YOUR GOAL: Could you transcribe all of the data word for word?

DATA FOR ANALYSIS:
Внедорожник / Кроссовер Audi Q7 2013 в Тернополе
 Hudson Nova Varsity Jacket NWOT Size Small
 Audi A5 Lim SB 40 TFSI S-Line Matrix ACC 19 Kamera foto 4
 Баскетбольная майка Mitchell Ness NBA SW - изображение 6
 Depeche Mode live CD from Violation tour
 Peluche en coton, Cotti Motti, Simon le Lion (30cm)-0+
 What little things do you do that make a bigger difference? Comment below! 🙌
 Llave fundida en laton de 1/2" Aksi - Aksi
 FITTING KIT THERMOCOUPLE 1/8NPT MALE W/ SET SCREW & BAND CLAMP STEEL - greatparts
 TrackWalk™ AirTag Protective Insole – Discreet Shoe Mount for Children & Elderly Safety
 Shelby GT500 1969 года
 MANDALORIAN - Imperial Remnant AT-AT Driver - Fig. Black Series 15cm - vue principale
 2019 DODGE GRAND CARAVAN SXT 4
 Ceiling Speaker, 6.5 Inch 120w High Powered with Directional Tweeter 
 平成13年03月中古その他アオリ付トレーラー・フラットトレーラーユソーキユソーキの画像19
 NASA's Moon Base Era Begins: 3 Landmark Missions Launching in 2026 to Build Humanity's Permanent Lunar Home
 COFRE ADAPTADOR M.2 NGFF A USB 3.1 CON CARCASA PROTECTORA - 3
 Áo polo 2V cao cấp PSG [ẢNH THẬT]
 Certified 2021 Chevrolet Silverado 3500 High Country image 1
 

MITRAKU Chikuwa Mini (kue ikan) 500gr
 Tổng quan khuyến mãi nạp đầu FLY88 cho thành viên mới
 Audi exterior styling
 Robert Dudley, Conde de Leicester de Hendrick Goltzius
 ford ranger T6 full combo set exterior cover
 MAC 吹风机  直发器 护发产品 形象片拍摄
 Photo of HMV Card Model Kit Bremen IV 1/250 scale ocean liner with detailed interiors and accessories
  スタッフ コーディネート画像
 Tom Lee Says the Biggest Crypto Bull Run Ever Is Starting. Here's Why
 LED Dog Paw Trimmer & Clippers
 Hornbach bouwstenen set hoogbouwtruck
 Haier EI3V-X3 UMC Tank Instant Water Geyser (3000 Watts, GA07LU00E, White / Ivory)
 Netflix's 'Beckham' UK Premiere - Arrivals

PROBLEM SOLUTION:
Внедорожник / Кроссовер Audi Q7 2013 в Тернополе
 Hudson Nova Varsity Jacket NWOT Size Small
 Audi A5 Lim SB 40 TFSI S-Line Matrix ACC 19 Kamera foto 4
 Баскетбольная майка Mitchell Ness NBA SW - изображение 6
 Depeche Mode live CD from Violation tour
 Peluche en coton, Cotti Motti, Simon le Lion (30cm)-0+
 What little things do you do that make a bigger difference? Comment below! 🙌
 Llave fundida en laton de 1/2" Aksi - Aksi
 FITTING KIT THERMOCOUPLE 1/8NPT MALE W/ SET SCREW & BAND CLAMP STEEL - greatparts
 TrackWalk™ AirTag Protective Insole – Discreet Shoe Mount for Children & Elderly Safety
 Shelby GT500 1969 года
 MANDALORIAN - Imperial Remnant AT-AT Driver - Fig. Black Series 15cm - vue principale
 2019 DODGE GRAND CARAVAN SXT 4
 Ceiling Speaker, 6.5 Inch 120w High Powered with Directional Tweeter 
 平成13年03月中古その他アオリ付トレーラー・フラットトレーラーユソーキユソーキの画像19
 NASA's Moon Base Era Begins: 3 Landmark Missions Launching in 2026 to Build Humanity's Permanent Lunar Home
 COFRE ADAPTADOR M.2 NGFF A USB 3.1 CON CARCASA PROTECTORA - 3
 Áo polo 2V cao cấp PSG [ẢNH THẬT]
 Certified 2021 Chevrolet Silverado 3500 High Country image 1
 

MITRAKU Chikuwa Mini (kue ikan) 500gr
 Tổng quan khuyến mãi nạp đầu FLY88 cho thành viên mới
 Audi exterior styling
 Robert Dudley, Conde de Leicester de Hendrick Goltzius
 ford ranger T6 full combo set exterior cover
 MAC 吹风机  直发器 护发产品 形象片拍摄
 Photo of HMV Card Model Kit Bremen IV 1/250 scale ocean liner with detailed interiors and accessories
  スタッフ コーディネート画像
 Tom Lee Says the Biggest Crypto Bull Run Ever Is Starting. Here's Why
 LED Dog Paw Trimmer & Clippers
 Hornbach bouwstenen set hoogbouwtruck
 Haier EI3V-X3 UMC Tank Instant Water Geyser (3000 Watts, GA07LU00E, White / Ivory)
 Netflix's 'Beckham' UK Premiere - Arrivals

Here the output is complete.